*** Opening Supplied data ***

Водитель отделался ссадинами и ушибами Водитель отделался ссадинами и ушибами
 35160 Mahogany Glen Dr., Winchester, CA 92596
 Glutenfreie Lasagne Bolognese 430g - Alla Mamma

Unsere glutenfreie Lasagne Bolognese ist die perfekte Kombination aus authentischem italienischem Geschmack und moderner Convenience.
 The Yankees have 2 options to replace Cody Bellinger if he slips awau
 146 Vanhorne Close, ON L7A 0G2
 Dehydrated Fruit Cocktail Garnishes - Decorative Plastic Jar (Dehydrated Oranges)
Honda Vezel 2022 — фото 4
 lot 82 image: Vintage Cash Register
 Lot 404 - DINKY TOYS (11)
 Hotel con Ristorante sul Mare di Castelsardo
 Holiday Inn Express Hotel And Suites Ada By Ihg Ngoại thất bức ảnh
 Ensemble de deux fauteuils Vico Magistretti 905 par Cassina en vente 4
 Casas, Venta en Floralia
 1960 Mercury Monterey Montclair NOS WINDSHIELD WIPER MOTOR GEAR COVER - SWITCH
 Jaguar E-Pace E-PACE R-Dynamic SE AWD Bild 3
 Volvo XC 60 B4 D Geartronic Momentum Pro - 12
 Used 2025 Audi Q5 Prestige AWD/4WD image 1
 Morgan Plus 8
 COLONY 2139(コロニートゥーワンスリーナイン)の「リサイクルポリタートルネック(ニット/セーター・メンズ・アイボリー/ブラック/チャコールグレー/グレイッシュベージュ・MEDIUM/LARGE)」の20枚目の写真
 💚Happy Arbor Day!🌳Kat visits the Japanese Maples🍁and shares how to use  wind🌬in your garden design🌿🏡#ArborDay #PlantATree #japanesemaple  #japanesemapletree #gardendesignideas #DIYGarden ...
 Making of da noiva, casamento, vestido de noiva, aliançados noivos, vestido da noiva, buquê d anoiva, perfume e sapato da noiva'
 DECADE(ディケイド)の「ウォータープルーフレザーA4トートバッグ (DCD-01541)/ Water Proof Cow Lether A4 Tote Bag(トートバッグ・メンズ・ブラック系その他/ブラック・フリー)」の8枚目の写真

*** Closing Supplied data ***

Write out the records again so that each line matches the original exactly.

Task response:
Водитель отделался ссадинами и ушибами Водитель отделался ссадинами и ушибами
 35160 Mahogany Glen Dr., Winchester, CA 92596
 Glutenfreie Lasagne Bolognese 430g - Alla Mamma

Unsere glutenfreie Lasagne Bolognese ist die perfekte Kombination aus authentischem italienischem Geschmack und moderner Convenience.
 The Yankees have 2 options to replace Cody Bellinger if he slips awau
 146 Vanhorne Close, ON L7A 0G2
 Dehydrated Fruit Cocktail Garnishes - Decorative Plastic Jar (Dehydrated Oranges)
Honda Vezel 2022 — фото 4
 lot 82 image: Vintage Cash Register
 Lot 404 - DINKY TOYS (11)
 Hotel con Ristorante sul Mare di Castelsardo
 Holiday Inn Express Hotel And Suites Ada By Ihg Ngoại thất bức ảnh
 Ensemble de deux fauteuils Vico Magistretti 905 par Cassina en vente 4
 Casas, Venta en Floralia
 1960 Mercury Monterey Montclair NOS WINDSHIELD WIPER MOTOR GEAR COVER - SWITCH
 Jaguar E-Pace E-PACE R-Dynamic SE AWD Bild 3
 Volvo XC 60 B4 D Geartronic Momentum Pro - 12
 Used 2025 Audi Q5 Prestige AWD/4WD image 1
 Morgan Plus 8
 COLONY 2139(コロニートゥーワンスリーナイン)の「リサイクルポリタートルネック(ニット/セーター・メンズ・アイボリー/ブラック/チャコールグレー/グレイッシュベージュ・MEDIUM/LARGE)」の20枚目の写真
 💚Happy Arbor Day!🌳Kat visits the Japanese Maples🍁and shares how to use  wind🌬in your garden design🌿🏡#ArborDay #PlantATree #japanesemaple  #japanesemapletree #gardendesignideas #DIYGarden ...
 Making of da noiva, casamento, vestido de noiva, aliançados noivos, vestido da noiva, buquê d anoiva, perfume e sapato da noiva'
 DECADE(ディケイド)の「ウォータープルーフレザーA4トートバッグ (DCD-01541)/ Water Proof Cow Lether A4 Tote Bag(トートバッグ・メンズ・ブラック系その他/ブラック・フリー)」の8枚目の写真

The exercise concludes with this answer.